Quali sono gli obiettivi di Massimi Tarantino?

«Mi piacerebbe cercare di capire qual è in Italia la difficoltà più grande che hanno i nostri giovani per essere competitivi rispetto ai quelli europei; cosa possiamo fare per rendergli il percorso migliore. Perché in Italia non abbiamo carenza di talenti, ma non li coltiviamo nel modo giusto. I talenti c’erano 50 anni fa e nascono adesso. I nostri settori giovanili sono pieni di talento, soltanto che non riusciamo ad offrirgli un percorso adeguato. Non c’è carenza di talento, ma di percorso formativo e di sviluppo».

 

Darboe, l’ultimo dei tanti gioiellini usciti dal settore giovanile della Roma, arrivò quando tu eri ancora a Trigoria…

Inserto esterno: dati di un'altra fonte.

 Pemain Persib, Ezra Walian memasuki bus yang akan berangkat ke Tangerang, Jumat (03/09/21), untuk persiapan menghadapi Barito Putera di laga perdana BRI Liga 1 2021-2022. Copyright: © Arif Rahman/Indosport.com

«Ci portarono questo ragazzetto che secondo loro aveva talento, viveva in una struttura di Rieti. Quando è arrivato a Trigoria ad allenarsi un paio di giorni, io e tutto lo staff restammo entusiasti. Era sottopeso, ma aveva una capacità di interpretare il gioco affascinante. Da quel momento abbiamo iniziato a integrarlo nelle nostre squadre e con le scuole per metterlo nelle condizioni migliori. Lui ha lavorato tantissimo e oggi sta raccogliendo i frutti».